Dataset records:
* * * *

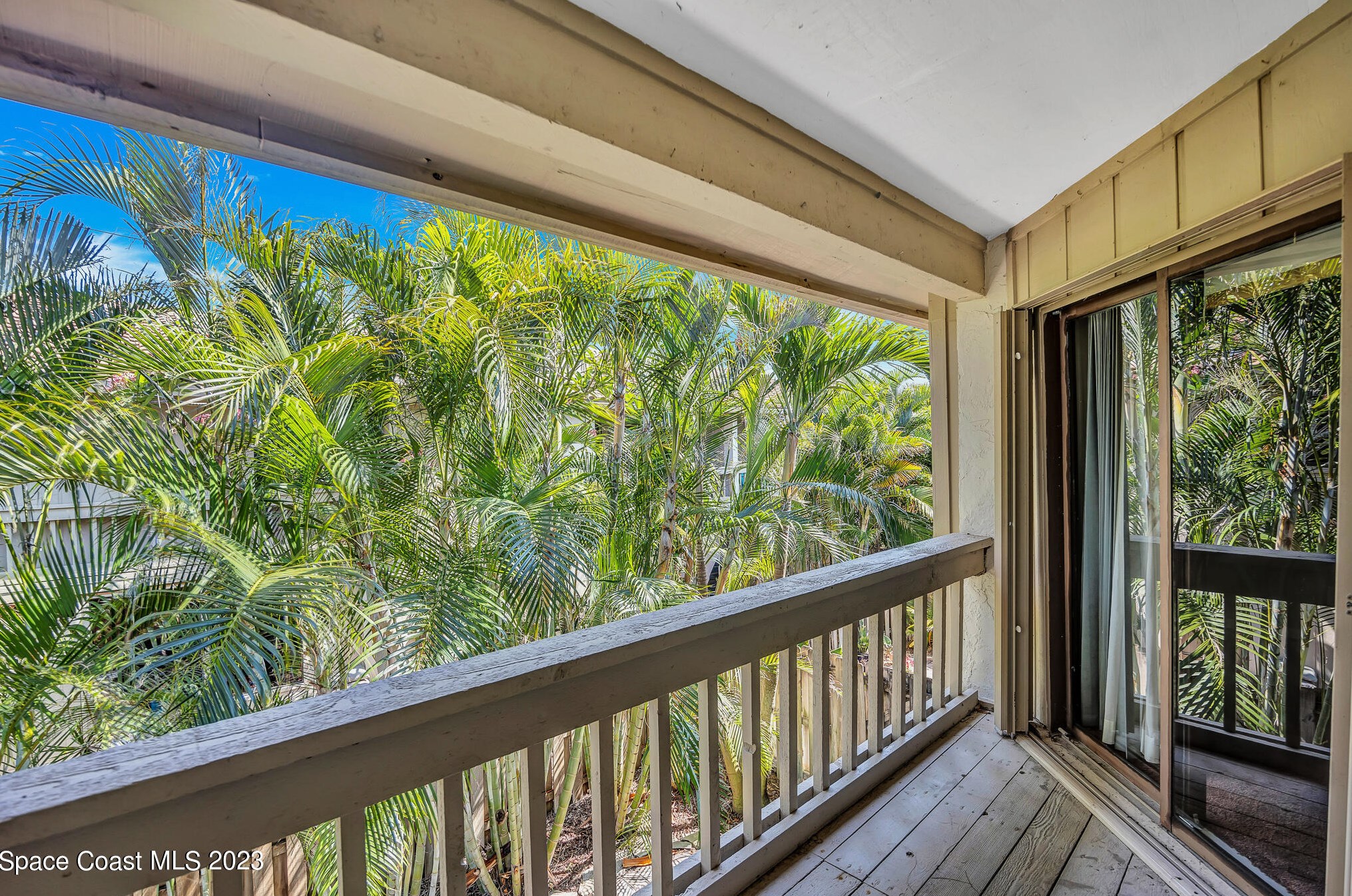 104 12th Ave, Melbourne FL  32903-3249 exterior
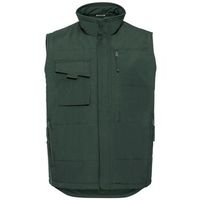 russell chaleco de traje 014m para hombre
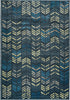 Rizzy Sorrento SO4442 Area Rug 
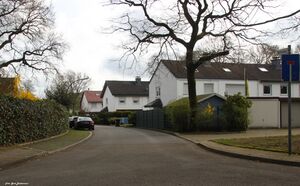 Molenweg-gb-052015.jpg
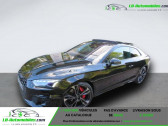 Audi A5 50 TDI 286 BVA Quattro   Beaupuy 31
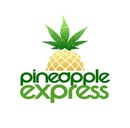 Pineapple Express Ap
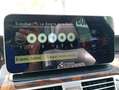 Mercedes-Benz CLS 350 350CDI BE (4.75) Aut. Plateado - thumbnail 29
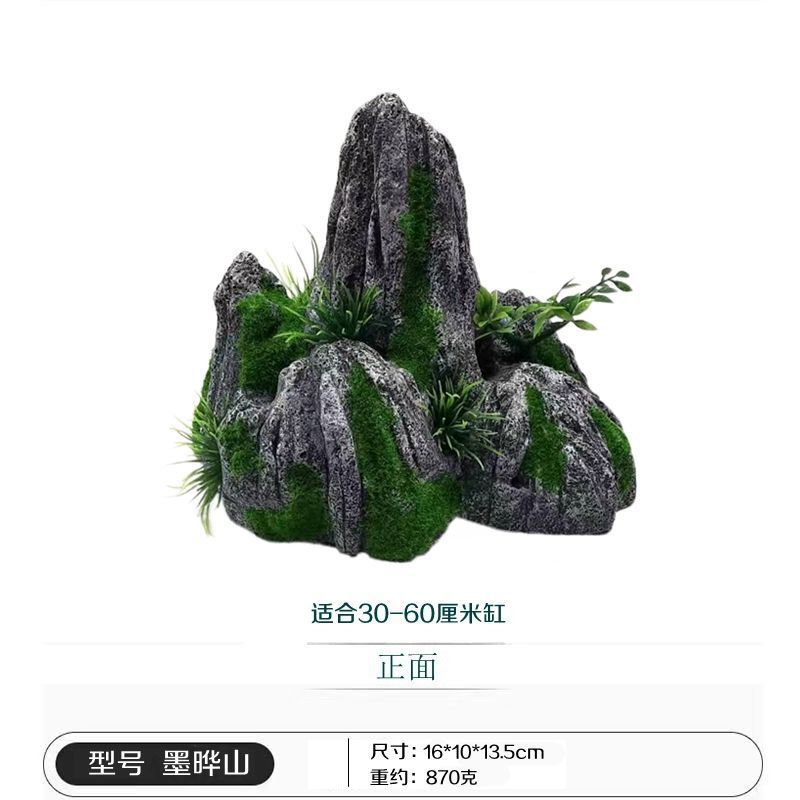 a59ddb43-6867-4300-ac56-d32a4b69c90d.jpe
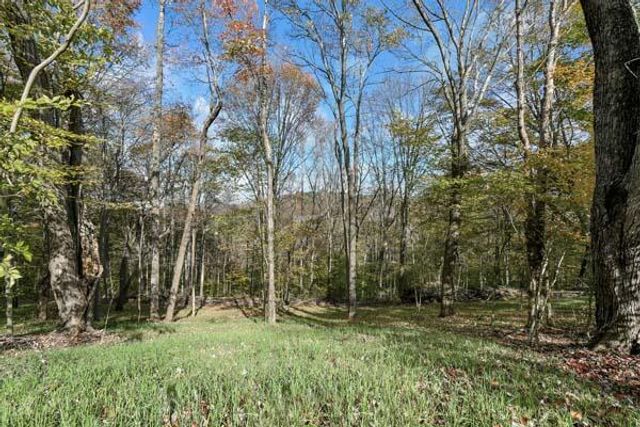 29002 Rockstull Road, Sugar Grove, OH 43155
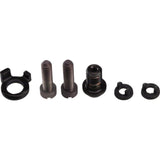 SRAM 2013 Red Rear Derailleur Cable Anchor/Limit Screw Kit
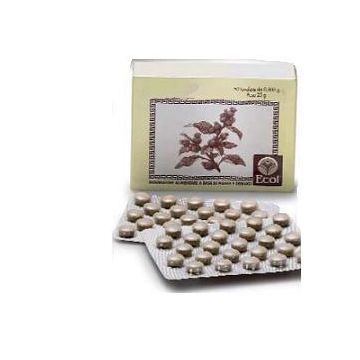 Ortica 50 tavolette 816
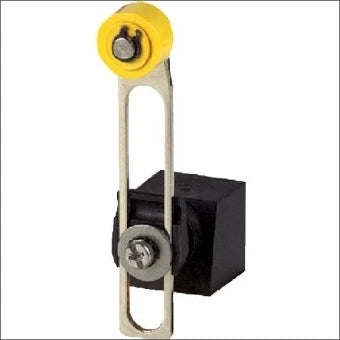 EATON 266130 Aandrijfkop fuer eindschakelaar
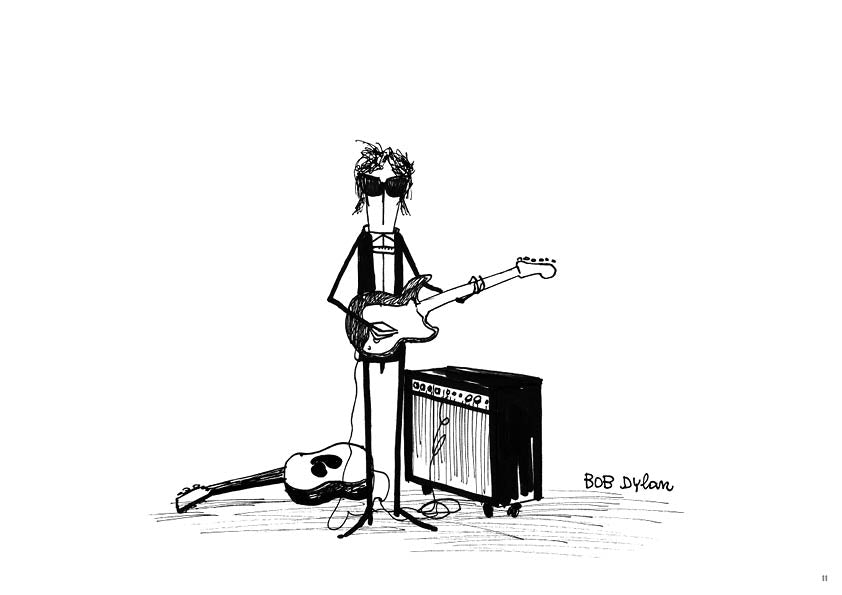 Rockstars (Reloaded)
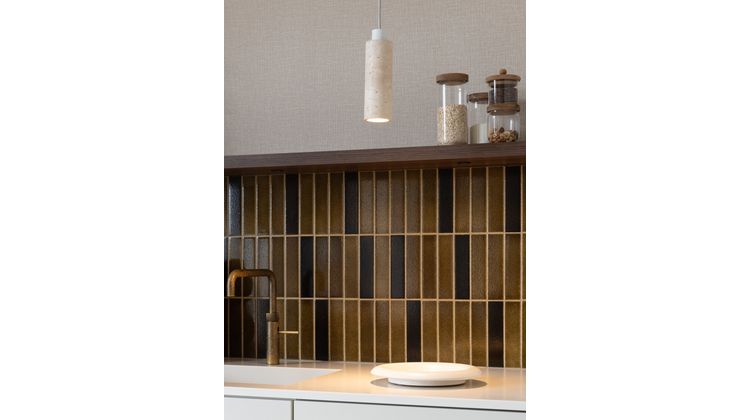 It's about RoMi Tivoli Hanglamp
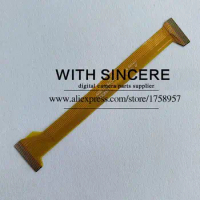 15-30 mm Lens Anti shake Flex Cable For TAMRON SP 15-30mm f/2.8 Di VC USD G2 (A041)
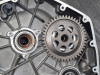 Motorblockdeckel BMW R 1300 GS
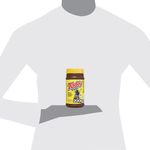 Achocolatado-em-po-Toddy-Original-200g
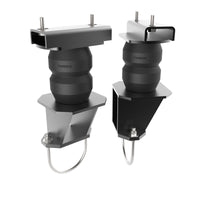 Thumbnail for Timbren 1994 Dodge Ram 3500 RWD Rear Suspension Enhancement System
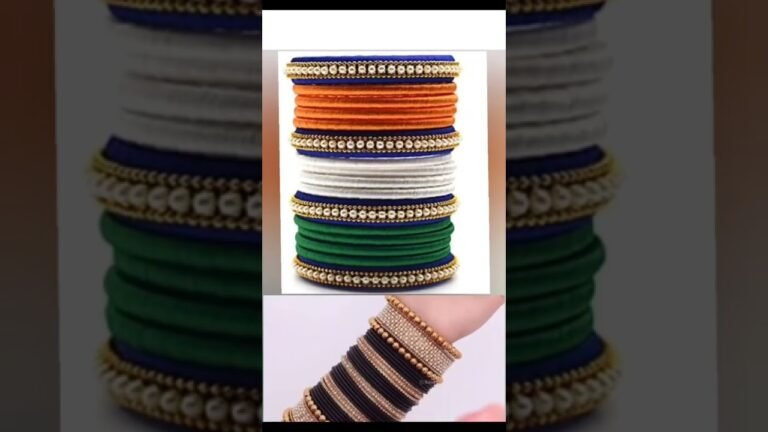 🇮🇳Indian Flag 🇮🇳 VS Normal 🙆‍♂️👉🤭#shorts #fashion #trending #india #indian #indianflag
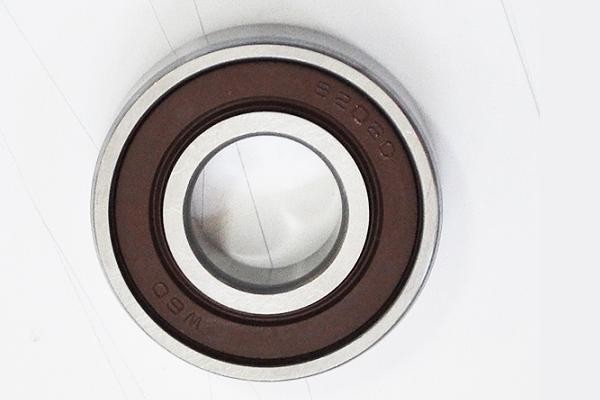 Rulment Alternator (35X15x11) 6202D 539551 30904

* * * *

Problem:
Leave the pictures out and output the rest of the data word for word.

Completed exercise:
 104 12th Ave, Melbourne FL  32903-3249 exterior
 russell chaleco de traje 014m para hombre
 Rizzy Sorrento SO4442 Area Rug 
 Molenweg-gb-052015.jpg
 Audi A5 50 TDI 286 BVA Quattro   Beaupuy 31
 Pineapple Express Ap
 Mercedes-Benz CLS 350 350CDI BE (4.75) Aut. Plateado - thumbnail 29
 a59ddb43-6867-4300-ac56-d32a4b69c90d.jpe
 29002 Rockstull Road, Sugar Grove, OH 43155
 SRAM 2013 Red Rear Derailleur Cable Anchor/Limit Screw Kit
 Ortica 50 tavolette 816
 EATON 266130 Aandrijfkop fuer eindschakelaar
 Rockstars (Reloaded)
 It's about RoMi Tivoli Hanglamp
 15-30 mm Lens Anti shake Flex Cable For TAMRON SP 15-30mm f/2.8 Di VC USD G2 (A041)
 Motorblockdeckel BMW R 1300 GS
 Achocolatado-em-po-Toddy-Original-200g
 Thumbnail for Timbren 1994 Dodge Ram 3500 RWD Rear Suspension Enhancement System
 🇮🇳Indian Flag 🇮🇳 VS Normal 🙆‍♂️👉🤭#shorts #fashion #trending #india #indian #indianflag
 Rulment Alternator (35X15x11) 6202D 539551 30904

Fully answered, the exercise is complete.